Hacker News new | ask | show | jobs
by jnovek 3 days ago
LLMs will absolutely be like that. The speed this technology is moving at makes me certain, especially over a period of 10-20 years; 20 years ago I was bugging friends for a GMail invite and AI was a joke left to academics.

I think it will even be solved soon, like, within the next 18 to 36 months. Hallucinations are the biggest problem consumers have with LLMs and a solution to that would be instantly worth billions of dollars. I’m sure every company in this space is desperately trying to figure it out before everyone else.

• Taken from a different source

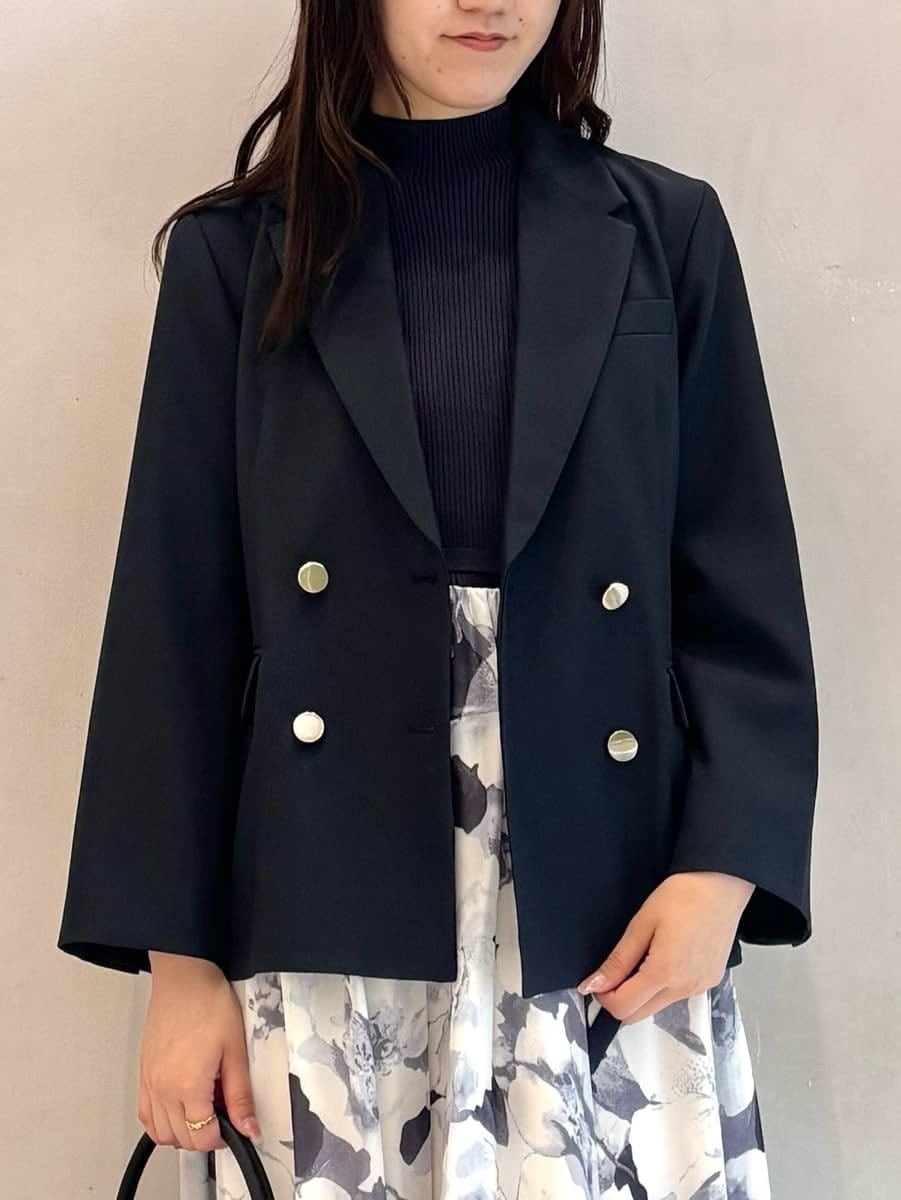 ブルー系のワンピース、ブルー系のテーラードジャケット、ブラック系のショルダーバッグを着用したレディースの秋コーディネートの7枚目の写真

A non-deterministic system will always make mistakes, but we’ll hit a target where LLMs make fewer mistakes than humans and that will be good enough for almost all applications.

2 comments

I don't know if you can "fix" hallucinations without changing the fundamental architecture. The other factor in this article is that prior to the AI summary at the top, Google could simply state that it was an error on the part of the website owner. Now it is being held liable for whatever the summary states - even if it's more accurate, it can still be wrong enough times to be expensive.
> I don't know if you can "fix" hallucinations without changing the fundamental architecture.

Exactly. "hallucinations" are not some special case. They are the LLM working as designed.

They don’t need to be eliminated or “fixed”, they just need to be less frequent than human error.
This is disregarding the entire mechanism by which LLMs work. How close to this ideal are the current frontier level ai is now? If you do a cost/improvement analysis does it look like it can reach a usable threshold?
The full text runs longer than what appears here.